__WHAT THE EXERCISE ASKS__.
Retype every line from the one containing "CITY POP STORY" through the last line of the records below, both included; leave out the pictures.

[Stored items]
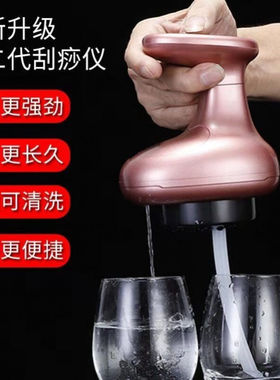 品牌优选刮痧仪器电动拔罐器家用多功能经络刷疏通理疗美容仪红色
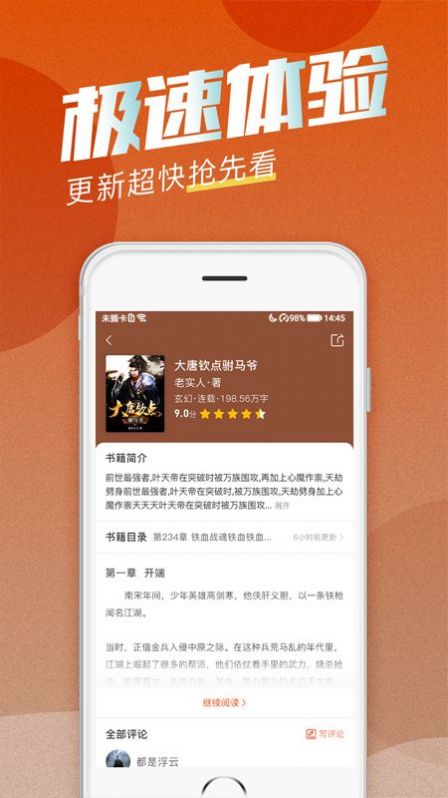 海读小说app下载安装下载,海读小说app官方版下载安装 v1.5.16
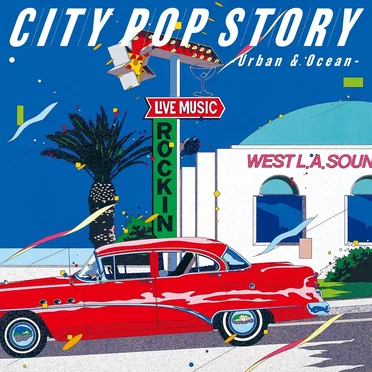 CITY POP STORY 〜 Urban & Ocean by Various Artists - album cover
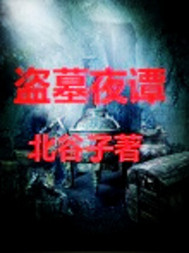 盗墓鬼冢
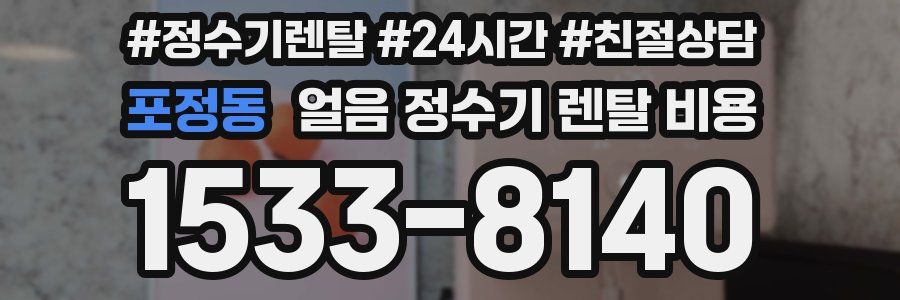 포정동 얼음 정수기 렌탈 비용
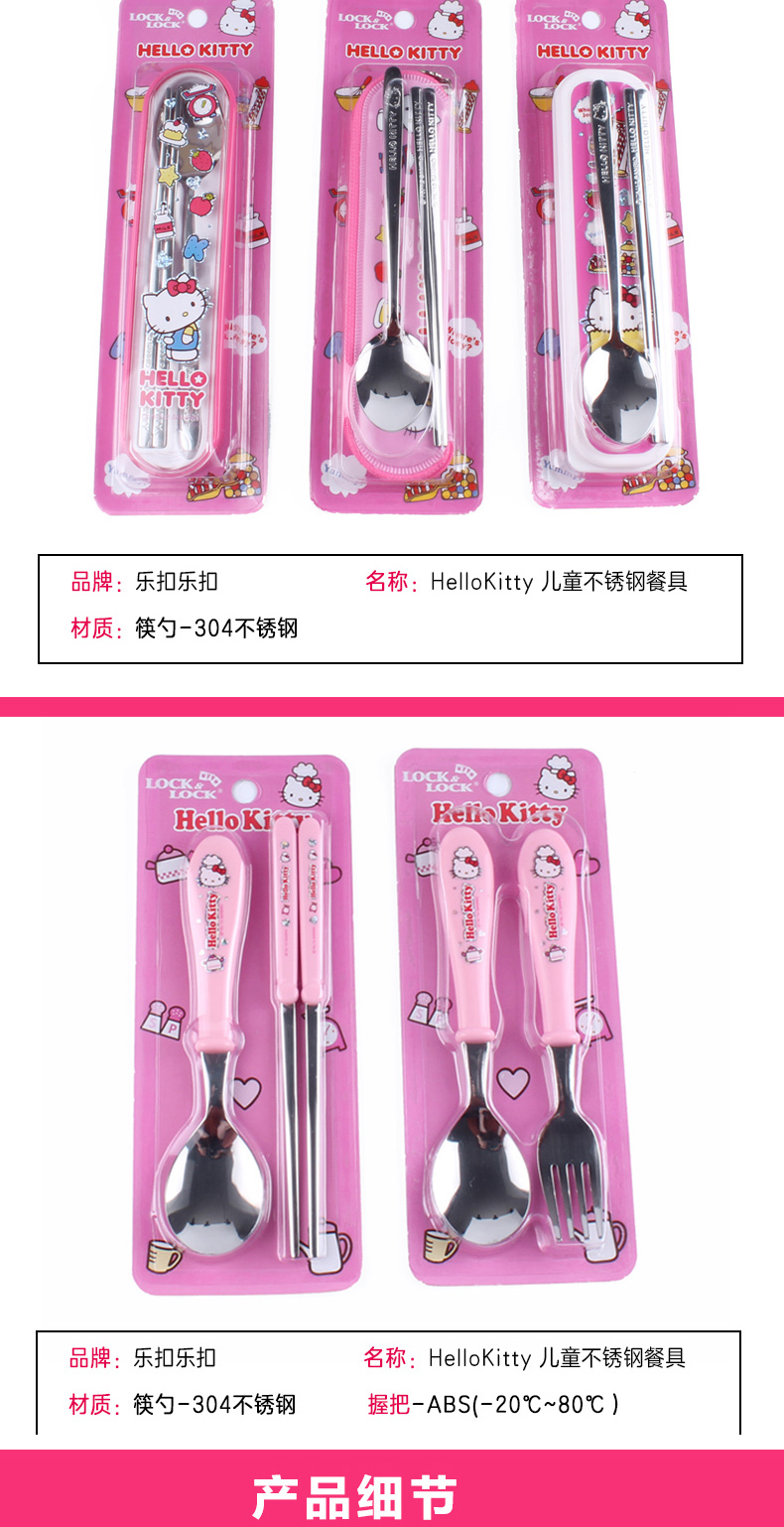 Khóa và khóa trẻ em bộ đồ ăn kitty trẻ em 304 bát inox bát nĩa thìa đũa học sinh đặt hộp ăn trưa cách nhiệt - Hộp cơm điện sưởi ấm hộp cơm hâm nóng bằng điện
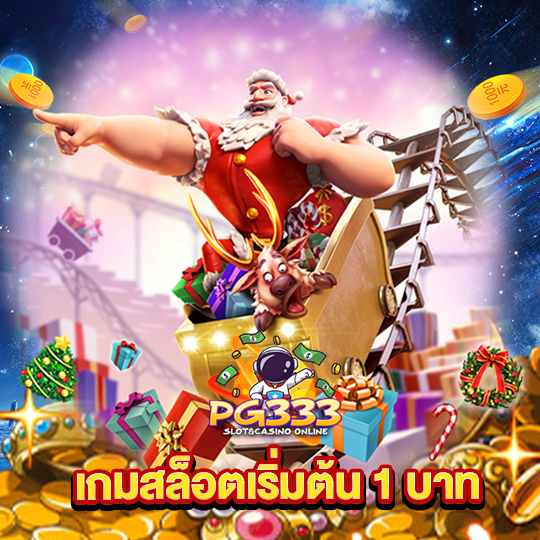 pg333 เกมสล็อตเริ่มต้น 1 บาท
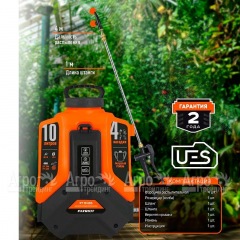 Опрыскиватель аккумуляторный Patriot PT 10 UES (без аккумулятора и зарядного устройства) во Владимире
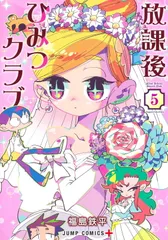 放課後ひみつクラブ 缶バッジ 全7種セット 放課後ひみつクラブ 缶バッジ｜プライズ・くじ・グッズ情報なら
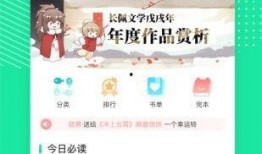 顶心吃瓜小说免费阅读下载,揭秘小说世界中的免费阅读与下载奥秘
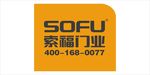 索福门业 SOFU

__WRITTEN REPLY__.
 CITY POP STORY 〜 Urban & Ocean by Various Artists - album cover
 盗墓鬼冢
 포정동 얼음 정수기 렌탈 비용
 Khóa và khóa trẻ em bộ đồ ăn kitty trẻ em 304 bát inox bát nĩa thìa đũa học sinh đặt hộp ăn trưa cách nhiệt - Hộp cơm điện sưởi ấm hộp cơm hâm nóng bằng điện
 pg333 เกมสล็อตเริ่มต้น 1 บาท
 Опрыскиватель аккумуляторный Patriot PT 10 UES (без аккумулятора и зарядного устройства) во Владимире
 放課後ひみつクラブ 缶バッジ 全7種セット 放課後ひみつクラブ 缶バッジ｜プライズ・くじ・グッズ情報なら
 顶心吃瓜小说免费阅读下载,揭秘小说世界中的免费阅读与下载奥秘
 索福门业 SOFU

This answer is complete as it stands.